Aged Awamori over three years is called “Kusu”. The longer aged, the smoother the taste and aroma; it is equal or better than Cognac. In Okinawa, families age awamori from one month to over sixty years. Aging awamori is similar to the “Solera” system for aging Brandy. This system takes the mature awamori and assimilates it with the new awamori in earthenware pots. The longer the awamori is aged, the smoother and tastier it becomes and the value increases. 

Aging awamori creates the greatest results to produce a smoother round tasting liquor. According to ancient parables of indigenous inhabitants, every molecule is created by an intangible energy greater than ourselves. Earthy matter has the ability to give off energy. By captivating this energy from the oldest portion of the earth creating clay, it creates a conduit to harness this energy. An un-glazed kame is the most natural porous material to hold a liquid.
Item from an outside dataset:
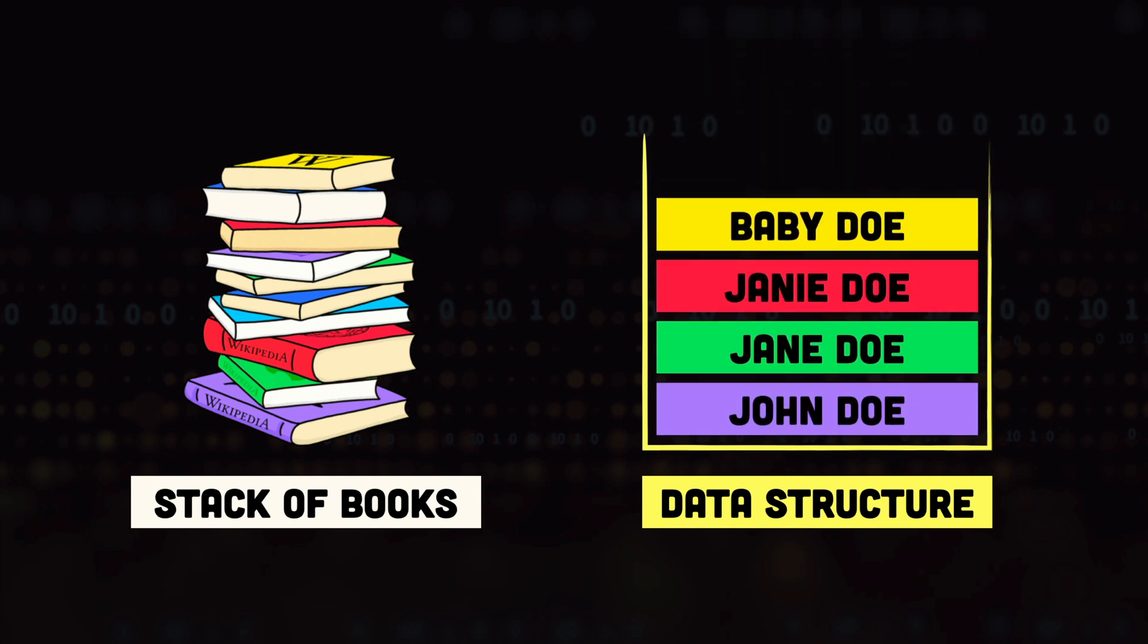There could be a stack of strings, a stack of numbers, objects, booleans or any other data type.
Hence, it has the ability to expand molecules during hot weather and contract during cold weather. The sub-tropical weather in Okinawa generate activity within the kame.
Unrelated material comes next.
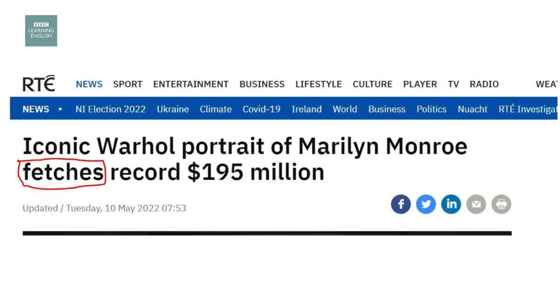Let's move on now to the next headline. It comes from RTE, which is from Ireland. That's fetches — sells for a certain amount of money.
It follows the same principle as The Butterfly Effect, see video below.

A distilled spirit is the most concentrated fluid. When the awamori remains in the kame for long periods of time, the essence of the spirit adapt its “character” to the energy of the conduit (kame). The longer the awamori is in the kame, the more changes in its molecular structure. The result, “maturity” of a living substance creating a smooth balanced taste and aroma. In Okinawa, they tap the the middle of the kame with a metal rod.  If the sound of the kame creates a deep pitch, the awamori is ready to consume. The deeper the pitch the more mature the awamori.